🤖 AI Summary
GRPO lacks explicit reward modeling or a critic network in RL-based fine-tuning of LLMs, hindering token-level fine-grained credit assignment and limiting complex mathematical reasoning capabilities. To address this, we propose GRPO-λ: a novel variant that restructures temporal credit assignment via the λ-return mechanism, integrating critic-free temporal-difference error approximation with token-level log-probability eligibility traces, and incorporating a multi-strategy weighted training framework. Evaluated on models ranging from 1.5B to 7B parameters, GRPO-λ improves training efficiency by 30–40% over standard GRPO. It achieves average score gains exceeding 3 points across multiple mathematical reasoning benchmarks—with the 7B model attaining a maximum improvement of 4.5 points. Notably, GRPO-λ is the first method to enable efficient, scalable, token-level credit assignment without requiring a critic network.
📝 Abstract
Large language models (LLMs) are increasingly deployed for tasks requiring complex reasoning, prompting significant interest in improving their reasoning abilities through post-training. Especially RL based methods using verifiable reward, like the state-of-the-art GRPO, have shown to tremendously improve reasoning behaviors when applied as post-training methods. However, the lack of an explicit reward or critic model limits GRPO's ability to assign fine-grained credit across token sequences. In this work, we present GRPO-$λ$, a novel extension to GRPO that enhances credit assignment in RL finetuning of LLMs for complex reasoning tasks.
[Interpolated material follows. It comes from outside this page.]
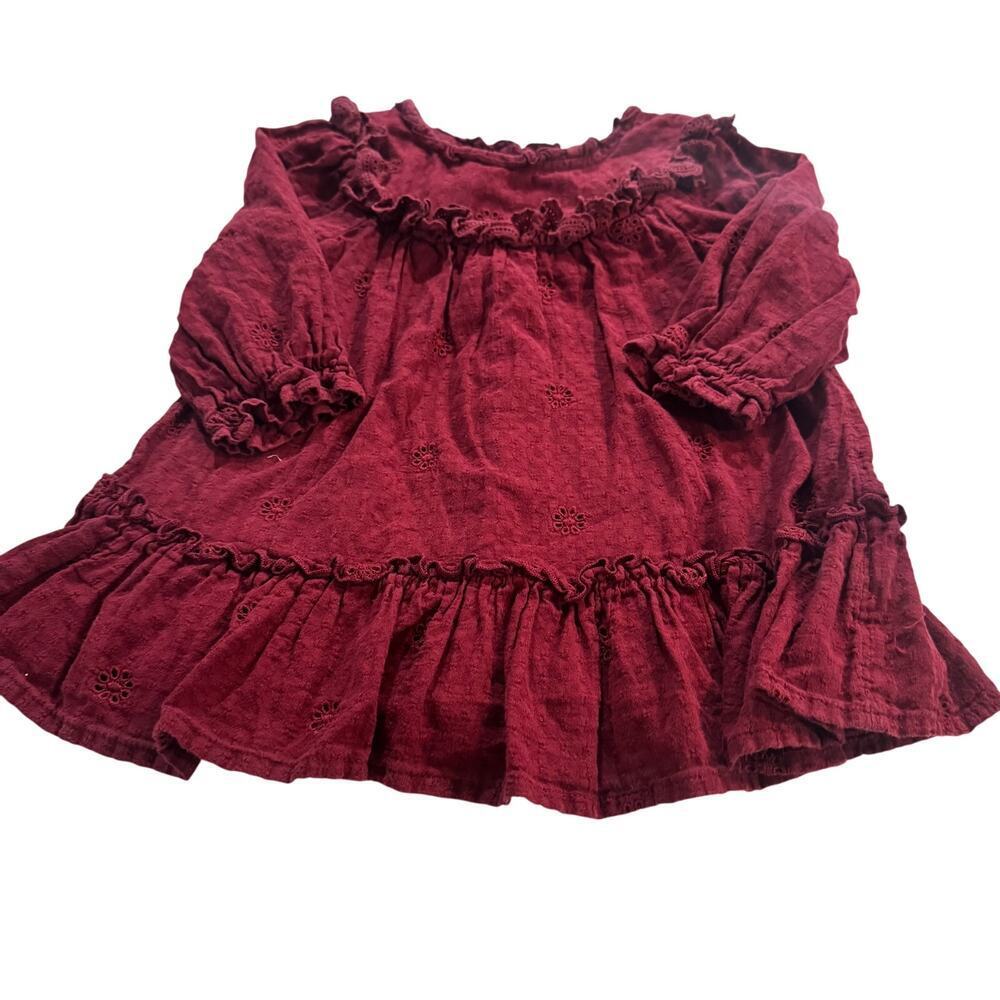 Cat & Jack Maroon Baby Girl 18M Long Sleeve Dress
We approximate learning from $λ$-return with a reformulation of eligibility traces using token-level log-probabilities applied after each sequence generation, and a novel critic-free approximation of the temporal-difference error. We introduce a few variations for the weighting of the $λ$-return, and their applications to the eligibility-trace, where all the variations provide significant gains over GRPO. We compare GRPO-$λ$ against GRPO by training models from 1.5B to 7B parameters on $4$ different math reasoning datasets. The training plots demonstrate 30-40% improved performance during RL training on both LLaMA-3.1 and Qwen-2.5 architectures. Finally, we show that with GRPO-$λ$, the resulting average performance on AIME24, Math500, OlympiadMath, MinervaMath, and AMC improves over GRPO by over $3$ points and a $4.5$ points improvement on the 7B model.